Le modèle présenté ci-dessous est fondé sur le cadre de gouvernance à trois niveaux fréquemment suivi par les organismes de normalisation du secteur financier et les initiatives de taxonomie à l'échelle mondiale (voir les exemples à l'annexe 1), tout en étant adapté aux besoins et aux circonstances propres au Canada (le schéma 2 résume le modèle de gouvernance). Compte tenu de la nature volontaire de la taxonomie, le modèle de gouvernance n'envisage pas de vérifier la conformité et de pousser à l'application, bien que la taxonomie puisse à un certain moment avoir des points communs avec les lois fédérales et provinciales (p. ex. l'émission d'instruments financiers en vertu de la taxonomie serait assujettie aux lois provinciales sur les valeurs mobilières administrées par les organismes provinciaux de réglementation des valeurs mobilières, dont le rôle est d'assurer la conformité et le respect de la loi).

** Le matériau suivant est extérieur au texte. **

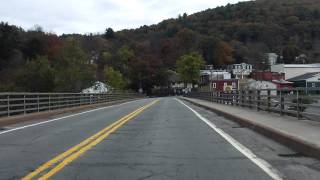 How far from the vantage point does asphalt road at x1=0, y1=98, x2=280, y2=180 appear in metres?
10.1

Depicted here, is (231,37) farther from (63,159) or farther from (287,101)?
(63,159)

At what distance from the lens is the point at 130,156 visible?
12492 millimetres

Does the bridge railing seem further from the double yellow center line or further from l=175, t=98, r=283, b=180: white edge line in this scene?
the double yellow center line

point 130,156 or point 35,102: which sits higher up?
point 35,102

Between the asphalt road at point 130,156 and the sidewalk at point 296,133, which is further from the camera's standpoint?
the sidewalk at point 296,133

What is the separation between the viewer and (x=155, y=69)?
7032 inches

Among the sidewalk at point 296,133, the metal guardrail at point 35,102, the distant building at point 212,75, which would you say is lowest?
the sidewalk at point 296,133

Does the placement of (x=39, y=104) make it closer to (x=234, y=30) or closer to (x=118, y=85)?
(x=118, y=85)

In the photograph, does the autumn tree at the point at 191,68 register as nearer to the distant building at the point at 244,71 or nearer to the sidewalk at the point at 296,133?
the distant building at the point at 244,71

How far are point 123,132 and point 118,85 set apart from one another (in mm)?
120161

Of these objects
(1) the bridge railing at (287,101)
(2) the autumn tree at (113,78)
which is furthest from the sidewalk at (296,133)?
(2) the autumn tree at (113,78)

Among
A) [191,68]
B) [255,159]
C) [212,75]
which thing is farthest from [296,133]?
[212,75]

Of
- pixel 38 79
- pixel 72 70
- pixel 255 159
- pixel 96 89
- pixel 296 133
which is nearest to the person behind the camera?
pixel 255 159

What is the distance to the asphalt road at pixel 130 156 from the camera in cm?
1012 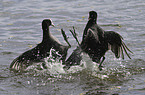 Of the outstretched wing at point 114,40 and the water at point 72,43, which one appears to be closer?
the water at point 72,43

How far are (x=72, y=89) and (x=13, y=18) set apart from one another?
20.8 feet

Le modèle à trois niveaux comprend généralement :
- un organisme haut placé qui est responsable de l'initiative et qui assure l'orientation stratégique et la surveillance (niveau 1);
- un organisme technique dépositaire qui dispose d'un personnel spécialisé pour élaborer les normes et les critères techniques (niveau 2);
- des groupes consultatifs techniques composés d'experts externes indépendants qui contribuent au travail technique du dépositaire, ainsi que des forums et des initiatives en bonne et due forme pour obtenir les commentaires des parties prenantes sur les projets de consultation (niveau 3).
Niveau 1 : Conseil de la taxonomie
Mandat
Le Conseil de la taxonomie (le « Conseil ») serait responsable de la gouvernance, de l'orientation stratégique et de la performance de l'initiative en matière de taxonomie. Il serait dirigé conjointement par le gouvernement fédéral et le secteur financier canadien, avec une forte participation provinciale et autochtone.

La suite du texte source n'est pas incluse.